Almost 60% of the African population are under the age of 25, boasting the youngest population in the world. This burgeoning youth population is backed by a very active smartphone penetration rate that keeps on growing. There is a ripe and ready tech-savvy population on the African continent who are able to leverage the benefits of the blockchain.
Many people think of blockchain technology only in terms of Cryptocurrencies and Bitcoin. However, its unique features of immutability and transparency have made it receive many applications in a wide variety of industries.
In the healthcare industry, for example, blockchain is repeatedly being used to help ease procedures while ensuring the security of such sensitive information as patient medical history. This is especially important because such data is primarily stored in a centralized manner by the hospitals, making them easy targets for data breaches and hacks. Blockchain can thus help both health providers and patients to easily, quickly and safely exchange information through encrypted codes.
This is what firms like Ubrica and TraceRX seek to do. TraceRX uses blockchain to help international aid organizations have complete information about the supply of pharmaceuticals and get notifications in such issues as an excess, any supply stock change or if any unscheduled stops were made during transportation.
In agriculture, the main application of blockchain has been with regard to creating immutable records of land ownership for farmers. Land LayBy, a Kenyan startup does this by using an Ethereum based shared ledger to keep records of land transactions, thus creating a secure platform such that those looking to buy land can log in to interact with the current owners.
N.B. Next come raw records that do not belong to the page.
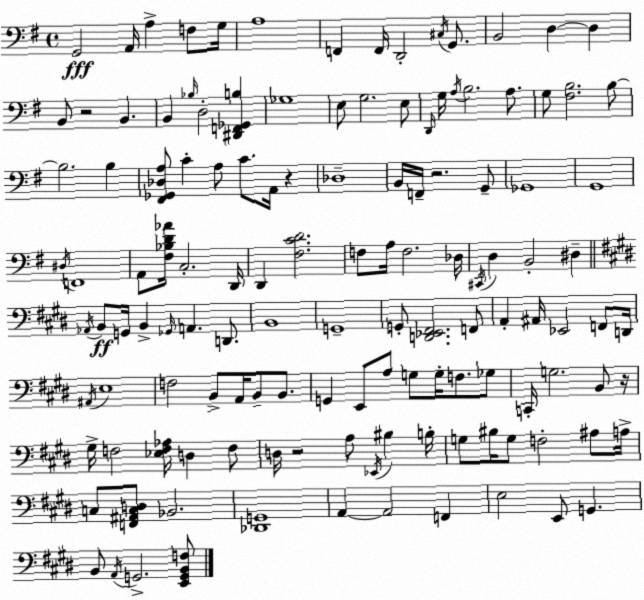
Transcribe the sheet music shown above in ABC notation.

X:1
T:Untitled
M:4/4
L:1/4
K:G
G,,2 A,,/4 A, F,/2 G,/4 A,4 F,, F,,/4 D,,2 ^C,/4 G,,/2 B,,2 D, D, B,,/2 z2 B,, B,, _B,/4 D,2 [^D,,F,,_G,,B,] _G,4 E,/2 G,2 E,/2 D,,/4 G,/4 A,/4 B,2 A,/2 G,/2 [^F,B,]2 B,/2 B,2 B, [^F,,_G,,_D,A,]/2 C A,/2 C/2 A,,/4 z _D,4 B,,/4 F,,/4 z2 G,,/2 _G,,4 G,,4 ^D,/4 F,,4 A,,/2 [^F,_B,D_A]/4 C,2 D,,/4 D,, [^F,CD]2 F,/2 A,/4 F,2 _D,/4 ^C,,/4 D, B,,2 ^D, _A,,/4 B,,/2 G,,/4 B,, _G,,/4 A,, D,,/2 B,,4 G,,4 G,,/2 [D,,_E,,^F,,]2 F,,/2 A,, ^A,,/4 _E,,2 F,,/2 D,,/4 ^A,,/4 E,4 F,2 B,,/2 A,,/4 B,,/2 B,,/2 G,, E,,/2 A,/2 G,/2 G,/4 F,/2 _G,/2 C,,/4 G,2 B,,/2 z/4 ^G,/4 F,2 [_E,F,_A,]/4 D, F,/2 D,/4 z2 A,/2 _E,,/4 ^B, B,/4 G,/2 ^B,/4 G,/2 F,2 ^A,/2 A,/4 C,/2 [F,,^A,,C,D,]/2 _B,,2 [_D,,G,,]4 A,, A,,2 F,, E,2 E,,/2 G,, B,,/2 A,,/4 G,,2 [E,,G,,B,,F,]/2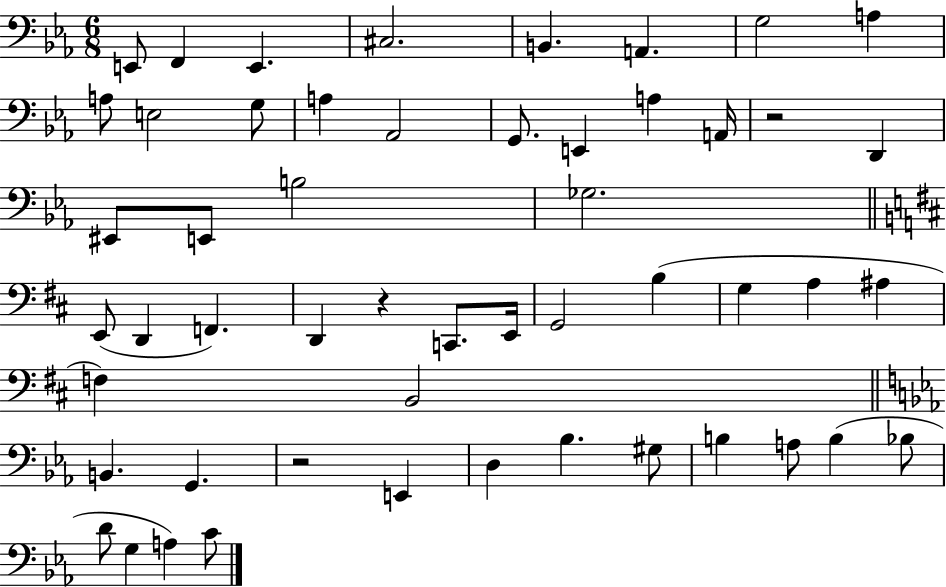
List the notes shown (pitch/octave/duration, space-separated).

E2/e F2/q E2/q. C#3/h. B2/q. A2/q. G3/h A3/q A3/e E3/h G3/e A3/q Ab2/h G2/e. E2/q A3/q A2/s R/h D2/q EIS2/e E2/e B3/h Gb3/h. E2/e D2/q F2/q. D2/q R/q C2/e. E2/s G2/h B3/q G3/q A3/q A#3/q F3/q B2/h B2/q. G2/q. R/h E2/q D3/q Bb3/q. G#3/e B3/q A3/e B3/q Bb3/e D4/e G3/q A3/q C4/e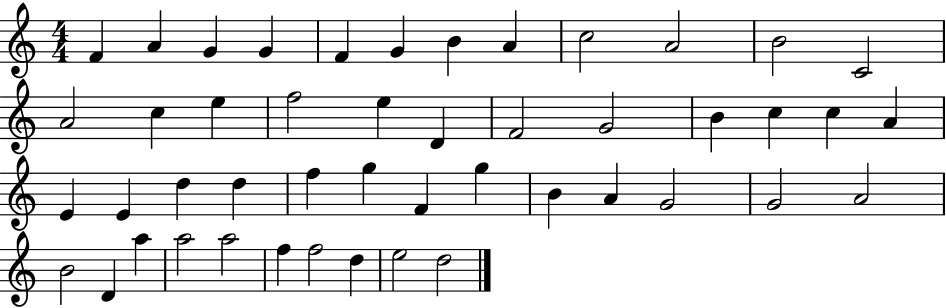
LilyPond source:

{
  \clef treble
  \numericTimeSignature
  \time 4/4
  \key c \major
  f'4 a'4 g'4 g'4 | f'4 g'4 b'4 a'4 | c''2 a'2 | b'2 c'2 | \break a'2 c''4 e''4 | f''2 e''4 d'4 | f'2 g'2 | b'4 c''4 c''4 a'4 | \break e'4 e'4 d''4 d''4 | f''4 g''4 f'4 g''4 | b'4 a'4 g'2 | g'2 a'2 | \break b'2 d'4 a''4 | a''2 a''2 | f''4 f''2 d''4 | e''2 d''2 | \break \bar "|."
}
Also, Land LayBy has made provisions for these farmers to use this medium to obtain credit from banks or alternative financing companies.
From loans and investment products to remittance networks, blockchain-enabled solutions have already begun to change the trajectory of financial inclusion and other developmental sectors. And with the continent’s venture capital market set to expand against a backdrop of consistent economic growth, the conditions are right for an economic transformation.